What is expected: Exactly as written, output each of the lines below, with no images.

Dataset section:

•••

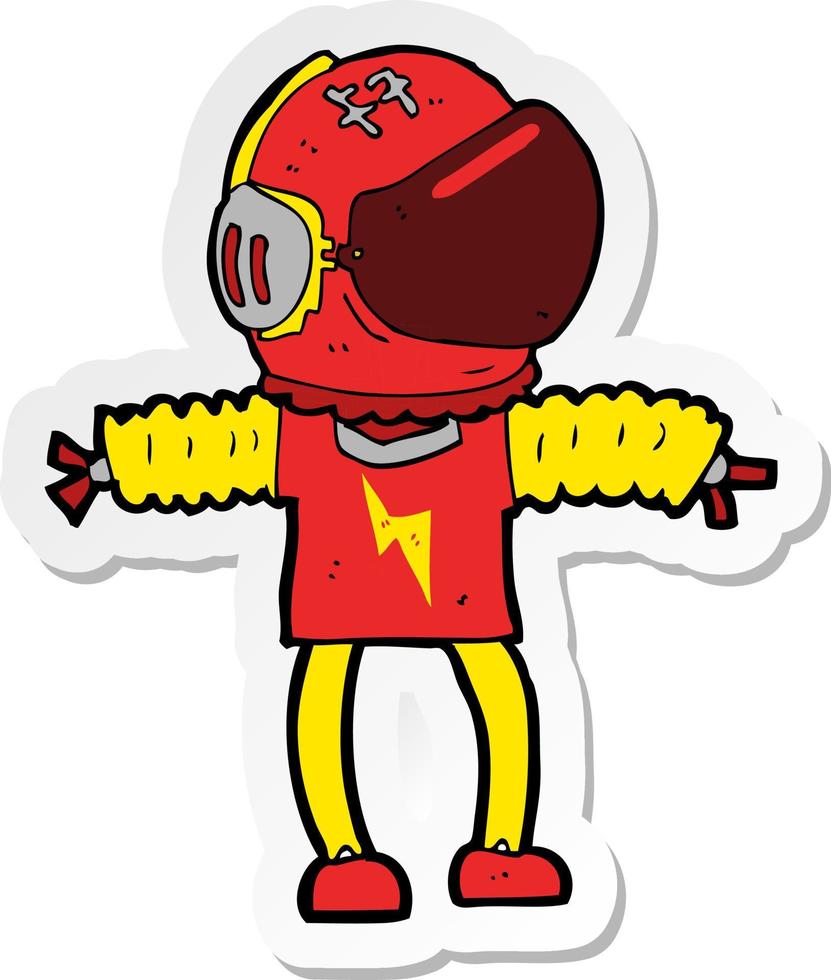 sticker van een cartoonastronaut vector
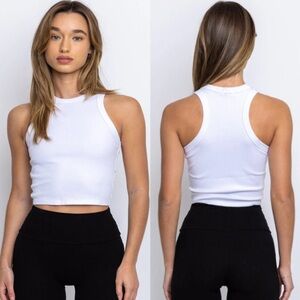 BRIAVIA BRIDGEWATER RIBBED TANK White Ribbed Tank Top Medium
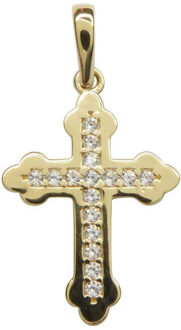 Christian Gouden kruis hanger modern Geel Goud - One size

•••

Final answer:
 sticker van een cartoonastronaut vector
 BRIAVIA BRIDGEWATER RIBBED TANK White Ribbed Tank Top Medium
 Christian Gouden kruis hanger modern Geel Goud - One size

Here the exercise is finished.